日本近代の課題についてゴードン先生は、現在が変わると、もしくは現代の人の問題意識が変わると見るべき対象が変わる点を挙げています。その一例として、2003年に第1版が出版されたご著書のA Modern History of Japan: From Tokugawa Times to the Presentにおいて日本での災害、とりわけ地震と津波についてほとんど触れていなかったため、2014年の第3版(邦訳書名『日本の200年:徳川時代から現代まで』)の出版に向けて、江戸時代から2011年の東日本大震災までの災害に注目しました。2つ目の課題は、帝国主義や戦争といった日本近代史の不都合な歴史を直視することの重要性です。

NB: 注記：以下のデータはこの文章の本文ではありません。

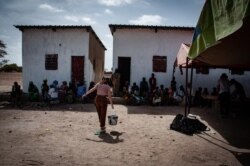 Villagers wait in line to be seen by a visiting gynecologist who traveled with American students from Lich-Wilmerding High School in San Francisco to the village of Guedj Martin, Senegal. (Annika Hammerschlag, for VOA)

ご講演後にはゴードン先生と従業員の方々との質疑応答や意見交換が行われました。テーマは『日本の200年』へのコメントから始まり、最近の国際情勢、歴史を学ぶ意義、会社の帰属意識やワークライフバランスを含む日本の雇用制度の変化、日本は単一民族であるという伝統的な意識と海外からの移住者の受け入れ制度との因果関係、日本と海外の考え方の違い、ゴードン先生から見た日本の魅力など多岐に渡りました。